Gibbs free energies of transfer of individual ions from water into water-urea mixtures

Abstract

The use of a new method for the determination of the absolute electrode potentials and the thermodynamics of individual ions in various solvent systems has been extended to solvents of higher dielectric constant than water, formed by adding structure-breaking urea to water. Standard e.m.f. values are reported at 25 °C for the cell: Pt,H 2 (g, 1 atm)/HX (m), water-urea/AgX, Ag, where X = C1, Br and I, in eight different aqueous solvents containing up to 40 wt.% urea. The standard e.m.f. values were used to determine not only the standard transfer Gibbs free energy Δ G° for halogen acids from water into water-urea mixtures but also the standard absolute potentials E° of the hydrogen and the Ag,AgX electrodes in these solvents as well as the values of Δ G t° for the individual H + and X − ions.
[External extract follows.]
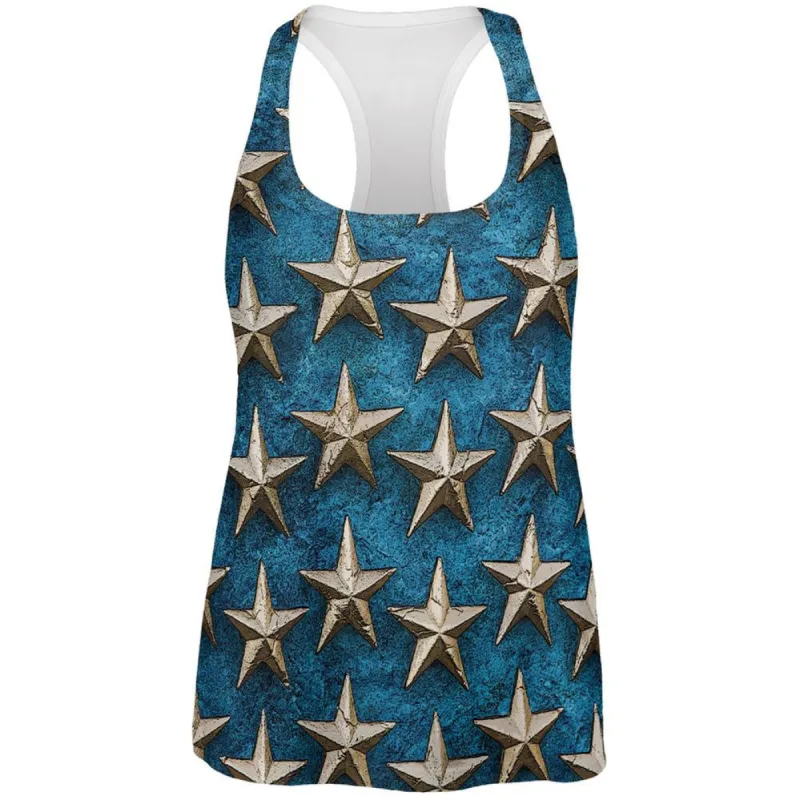 Metal Stars All Over Womens Racerback Tank Top sold by Old Glory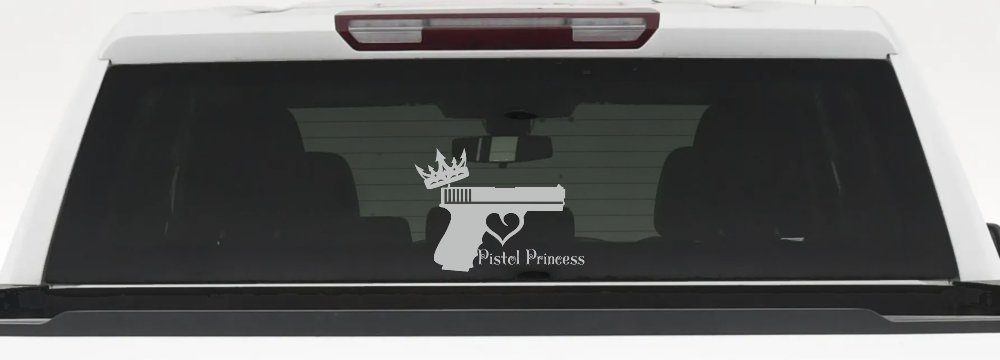 Pistol Princess with Crown and Gun for Women Girl Guns Car or Truck Window Decal Sticker (Light Gray)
These data, together with the reported values of Δ G t° (MCl), enabled us to evaluate values of E° for the M/M + (M = Li, Na, K, Rb and Cs) electrodes, the radii of the solvated cations and the extent of their solvation in such media, and values of Δ G° t, for the individual M + ions. The results are discussed and compared with those in various aqueous solvent systems.